Grévy était bien le Président idéal, si on voulait assurer à la présidence une certaine dignité, de la correction, de l'impassibilité et surtout de l'impersonnalité.

Son âge, soixante et onze ans, ses goûts de simplicité et de vie d'intérieur le portaient à la retraite et à l'effacement plus qu'à l'action. Élu à l'Assemblée nationale en 1848, il ne s'était signalé que par son fameux amendement au projet de constitution pour la suppression de la Présidence de la République; au cours de la Seconde République il était resté dans l'ombre. Sous le Second Empire, il ne s'était présenté et n'avait été élu qu'aux dernières élections et n'avait donc joué aucun rôle politique. Il n'avait pris aucune part au 4-Septembre; pendant la guerre il avait blâmé la dictature de Tours et de Bordeaux, Gambetta ayant le tempérament le plus opposé qui fût possible au sien. Pourtant il jouissait d'une notoriété suffisante, tout en étant assez effacé, pour que Thiers pût l'imposer comme Président de l'Assemblée nationale, alors qu'il était lui-même tout-puissant. Ce ne pouvait pas être un rival pour lui. A l'Assemblée il avait exercé sa présidence avec le calme, la dignité, l'impartialité nécessaires; un incident quelque peu comique l'avait forcé à l'abandonner. Après la crise du 16 mai il y avait été reporté sans conteste et à la mort de Thiers, ayant assez d'autorité, de notoriété, de prestige sans avoir une personnalité gênante, il avait été sacré en quelque sorte chef du parti républicain et était devenu tout de suite son candidat à la Présidence de la République.

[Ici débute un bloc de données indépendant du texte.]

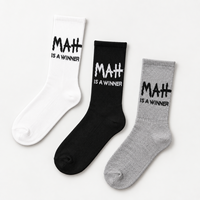 Chaussettes de sport personnalisées avec impression de slogan, chaussettes athlétiques blanches avec lettrage noir, ajoutez votre logo, choisissez les couleurs, tissu tricoté doux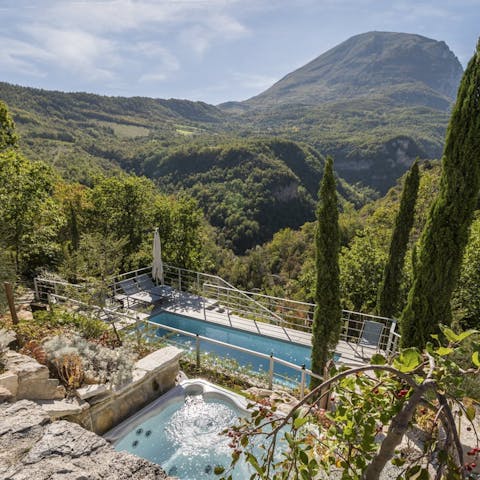 Feel inspired by the mountain views while relaxing in the hot tub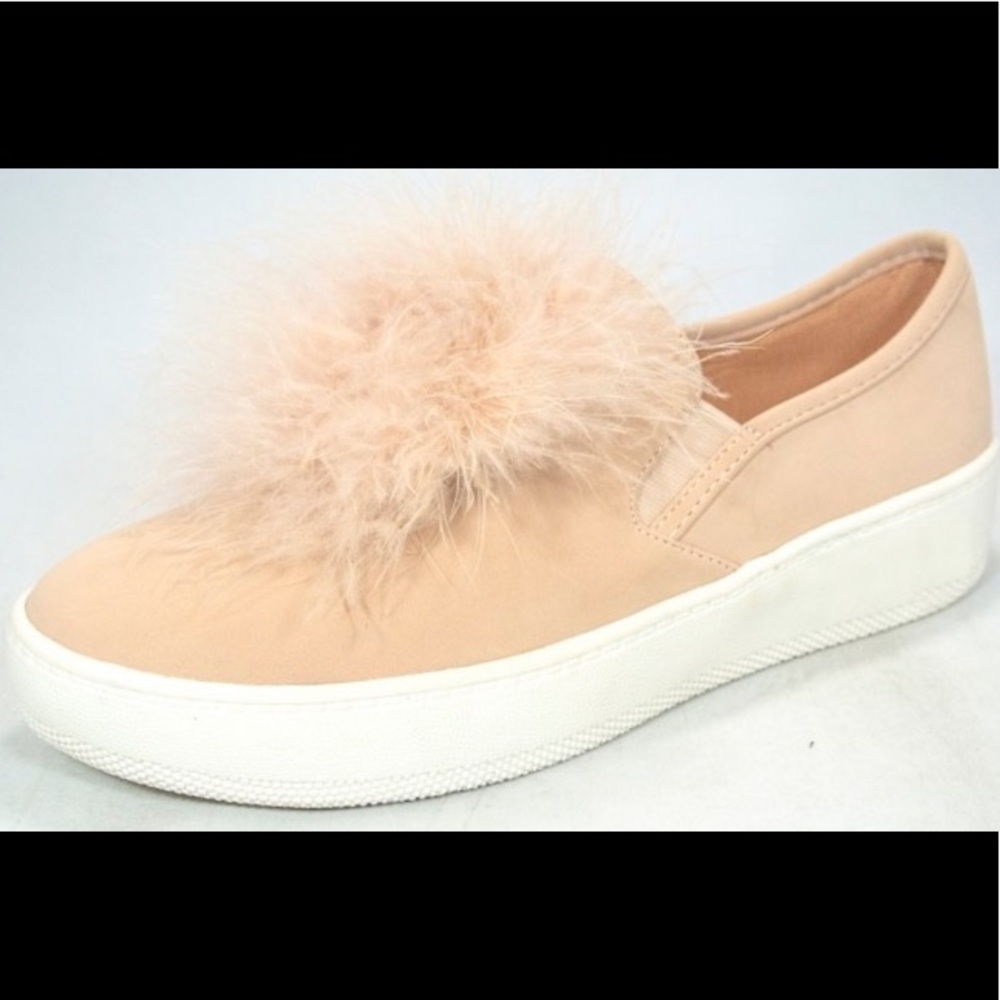 ✨NEW ✨ Ellie Sneakers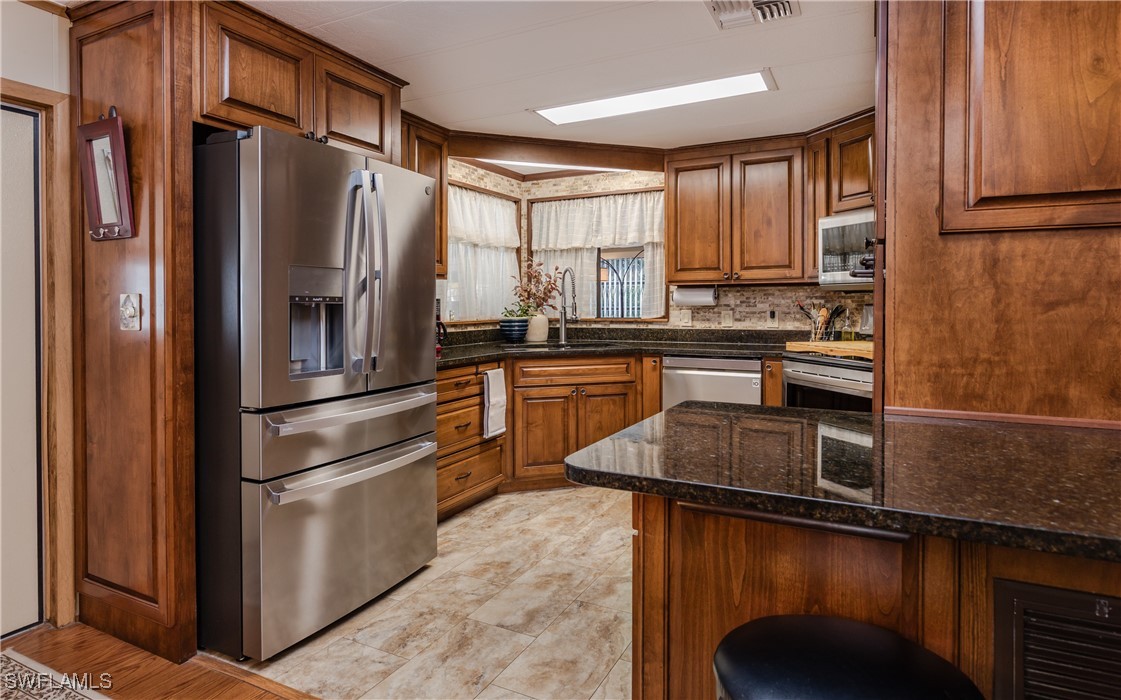 66 Sunset CIR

Du message qu'il adressa le 6 février aux Chambres, le passage à retenir est celui où il présente le parlementarisme comme impliquant l'abdication du chef de l'État :

« Soumis, dit-il, à la grande loi du régime parlementaire, je [p.511] n'entrerai jamais en lutte contre la volonté nationale exprimée par ses organes constitutionnels. »

Ces organes, ce sont évidemment les Chambres, et l'une d'elles surtout, et non pas la Présidence, qui est condamnée à la soumission. Les « bravos » et les « applaudissements prolongés », qui à gauche et au centre, note l'Officiel, ont souligné et entre-coupé même ces paroles, leur donnent toute leur portée.

Après le message d'abdication de Mac-Mahon, c'est le message d'abdication du second Président de la République. Elle est définitive. Le chef du pouvoir de l'État, qui en est en réalité le premier, le chef du pouvoir exécutif, ne sera plus désormais qu'un personnage d'apparat soumis au bon plaisir du Parlement; sur ce point capital, la Constitution de 1875 est définitivement faussée.